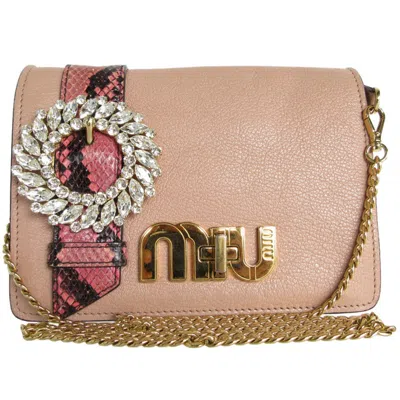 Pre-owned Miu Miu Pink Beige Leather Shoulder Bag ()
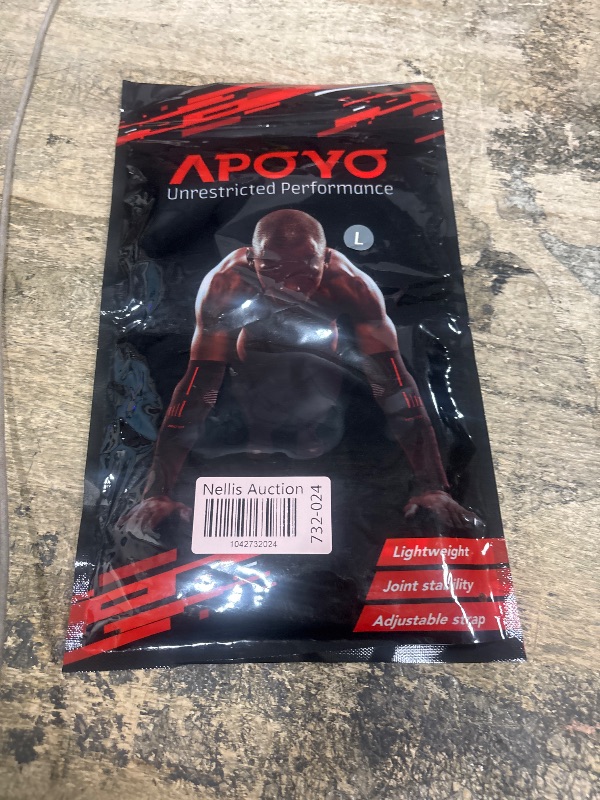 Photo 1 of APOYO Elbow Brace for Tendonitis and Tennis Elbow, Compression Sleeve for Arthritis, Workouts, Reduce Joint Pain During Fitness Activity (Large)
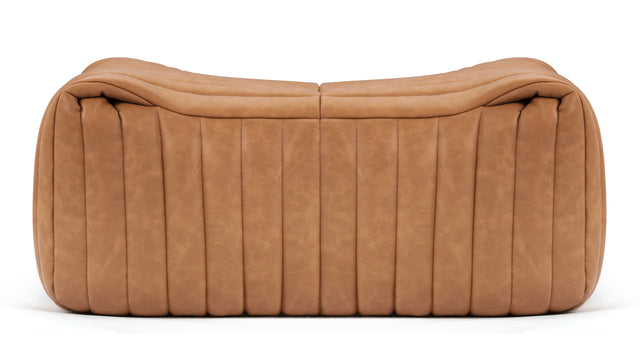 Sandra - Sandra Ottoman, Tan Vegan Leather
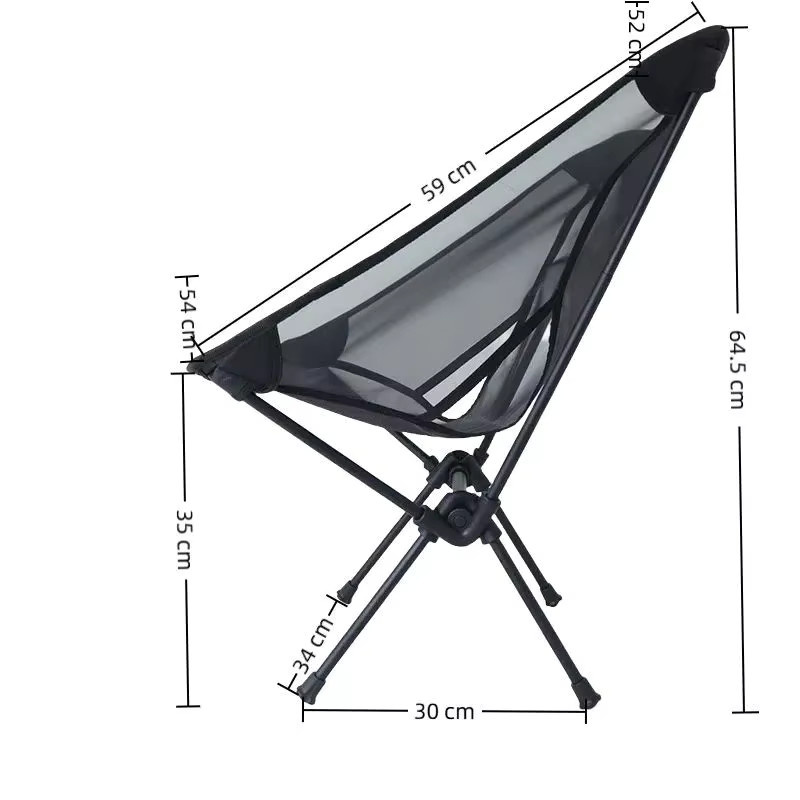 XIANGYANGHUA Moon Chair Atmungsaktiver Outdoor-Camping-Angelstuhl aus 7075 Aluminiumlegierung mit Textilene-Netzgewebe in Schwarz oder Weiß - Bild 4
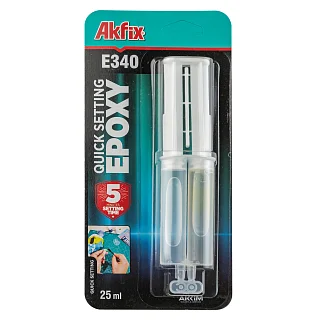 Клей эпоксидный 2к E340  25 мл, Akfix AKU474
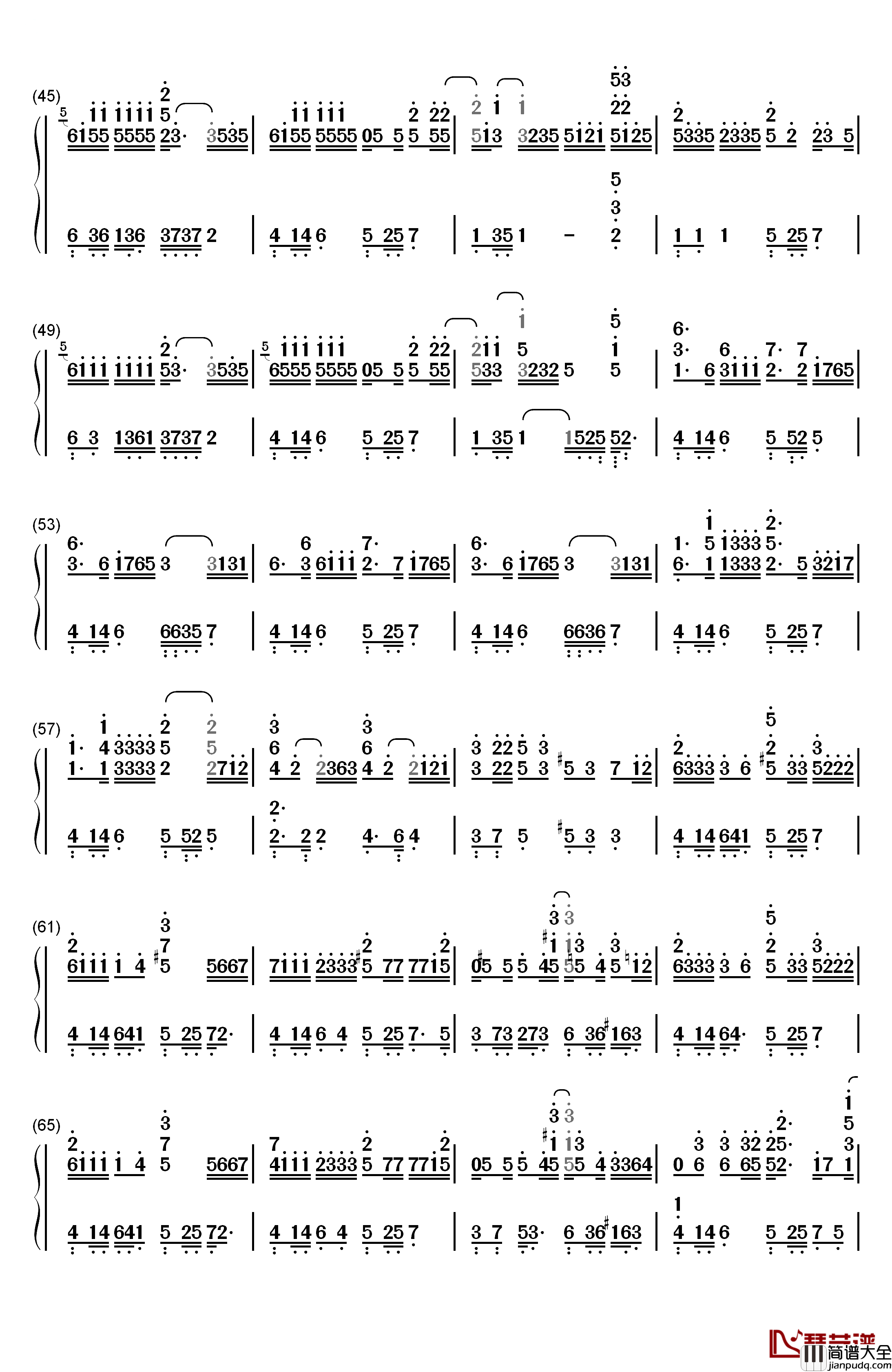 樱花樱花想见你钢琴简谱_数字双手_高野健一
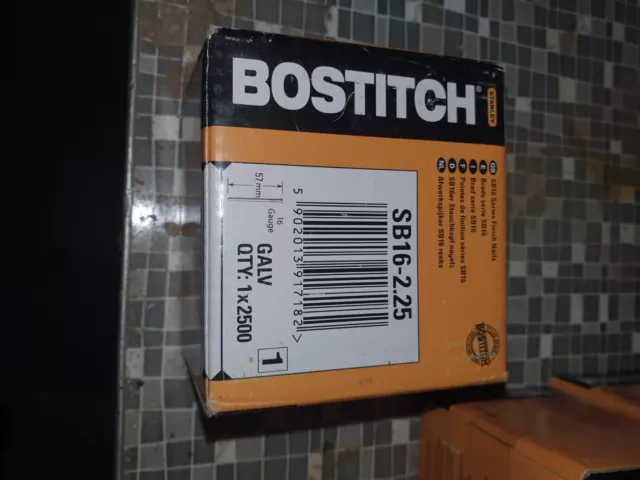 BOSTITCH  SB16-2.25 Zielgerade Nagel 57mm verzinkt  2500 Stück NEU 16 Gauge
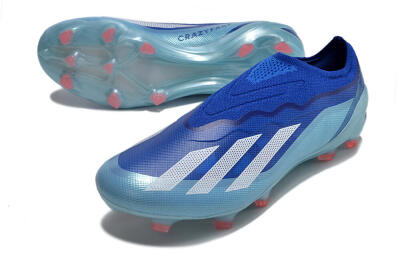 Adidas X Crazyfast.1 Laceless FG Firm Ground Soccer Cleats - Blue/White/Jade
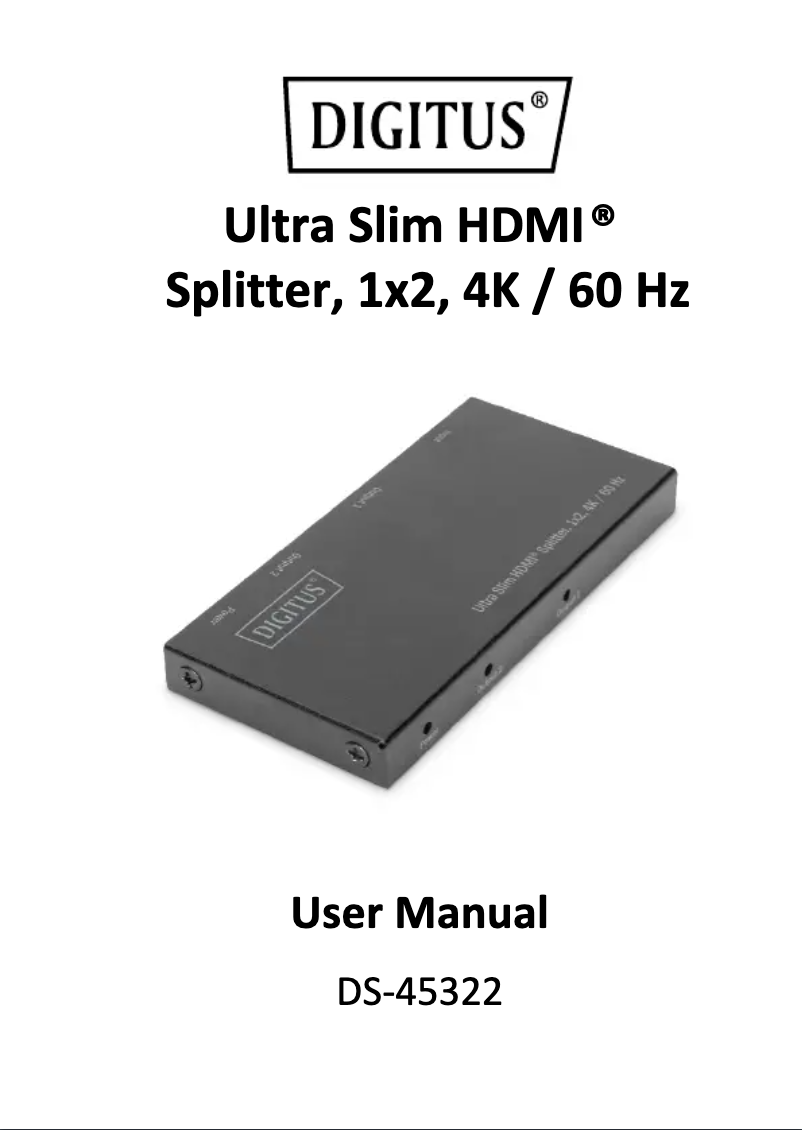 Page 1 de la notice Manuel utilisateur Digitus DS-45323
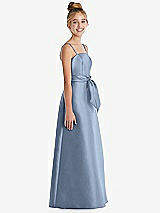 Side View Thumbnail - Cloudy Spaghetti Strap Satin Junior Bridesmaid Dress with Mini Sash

# # # #

An exact copy of the entries, minus the pictures, is what's needed here.

Written solution:
 Pre-owned Miu Miu Pink Beige Leather Shoulder Bag ()
 Photo 1 of APOYO Elbow Brace for Tendonitis and Tennis Elbow, Compression Sleeve for Arthritis, Workouts, Reduce Joint Pain During Fitness Activity (Large)
 Sandra - Sandra Ottoman, Tan Vegan Leather
 XIANGYANGHUA Moon Chair Atmungsaktiver Outdoor-Camping-Angelstuhl aus 7075 Aluminiumlegierung mit Textilene-Netzgewebe in Schwarz oder Weiß - Bild 4
 Клей эпоксидный 2к E340  25 мл, Akfix AKU474
 樱花樱花想见你钢琴简谱_数字双手_高野健一
 BOSTITCH  SB16-2.25 Zielgerade Nagel 57mm verzinkt  2500 Stück NEU 16 Gauge
 Adidas X Crazyfast.1 Laceless FG Firm Ground Soccer Cleats - Blue/White/Jade
 Page 1 de la notice Manuel utilisateur Digitus DS-45323
 Side View Thumbnail - Cloudy Spaghetti Strap Satin Junior Bridesmaid Dress with Mini Sash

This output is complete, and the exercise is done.